Efficient and Robust Policy Evaluation for Reinforcement Learning

Author: ORCID icon orcid.org/0009-0002-6557-979X
Liu, Shuze Daniel, Computer Science - School of Engineering and Applied Science, University of Virginia
Advisor:
Zhang, Shangtong, EN-Comp Science Dept, University of Virginia
Abstract:

Evaluating the quality of a policy (i.e, a decision making rule that an agent adopts to interact with the environment) is central to reinforcement learning (RL). The conventional approach requires repeatedly executing the policy and averaging its outcome. However, due to high evaluation variance, this method demands massive active interactions with the environment to obtain data, which is both expensive and slow. At the same time, the stability of many RL algorithms remains an open question, as existing analyses often rely on assumptions that fail to hold in practice. This thesis addresses both challenges by proposing algorithms that enhance the efficiency and robustness of policy evaluation, and by providing a stability analysis of RL algorithms under realistic conditions.

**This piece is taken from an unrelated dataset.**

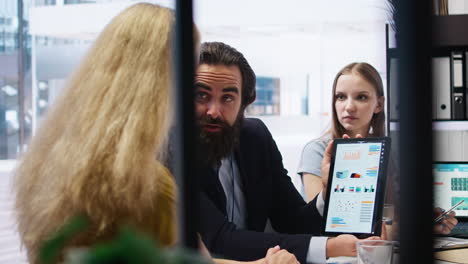 financial advisor showing statistical graphs on tablet to clients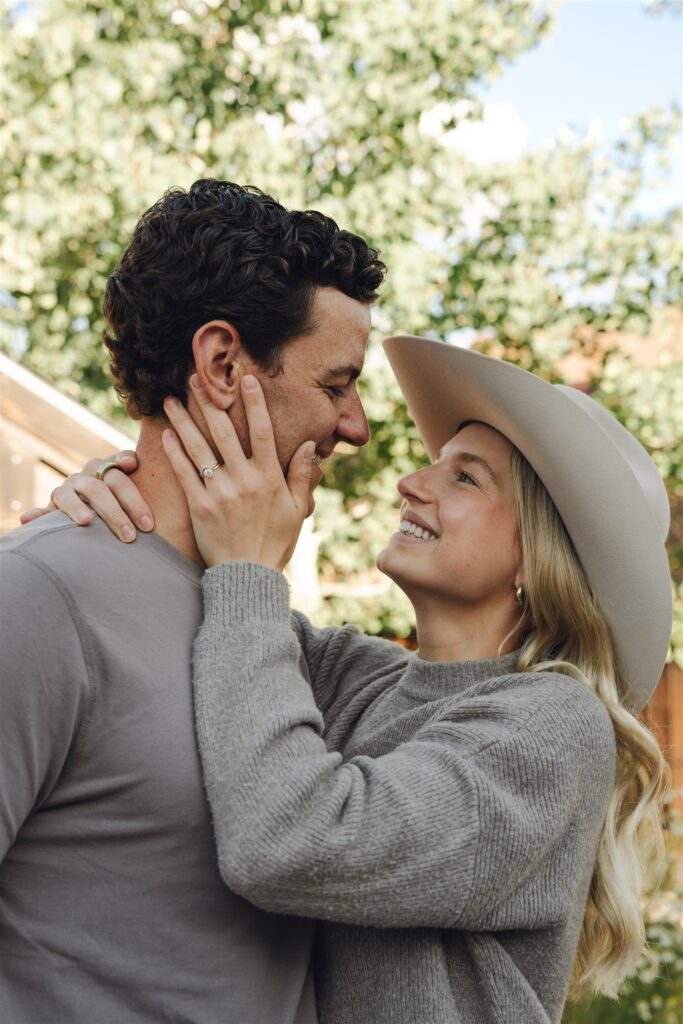 happy newly engaged couple looking at each other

The first part of the thesis focuses on algorithmic innovations reducing the amount of data needed for accurate evaluation. We begin by introducing an optimal data collecting policy that significantly lowers evaluation variance compared to traditional approaches. In settings where multiple policies must be evaluated at once, we propose a shared data-collecting policy that reduces evaluation variance across all interested policies simultaneously. Taking a step further, we develop a doubly-optimal policy evaluation method that optimizes both data collection and processing stages, achieving state-of-the-art variance reduction. To enhance robustness and safety, we also design methods that account for uncertainty in the environment and enforce safety constraints during data collection. Together, these contributions offer a framework for reliable and sample-efficient policy evaluation.

In the second part of the thesis, we focus on the theoretical analysis of RL algorithms. We study the stability of stochastic approximation methods (i.e., iterative methods that update estimates using noisy observations of a target quantity) under Markovian noise (i.e., when the randomness in updates comes from data generated by a Markov process, so that samples are correlated rather than independent). Our framework provides almost sure convergence guarantees under practical conditions and applies to a broader class of RL algorithms than previous results.

Collectively, this thesis advances both the algorithmic and theoretical foundations of policy evaluation, offering tools that are efficient, reliable, and applicable to real-world RL systems.

Degree:
PHD (Doctor of Philosophy)
Keywords:
reinforcement learning, off-policy evaluation, machine learning
Language:
English
Issued Date:
2025/04/22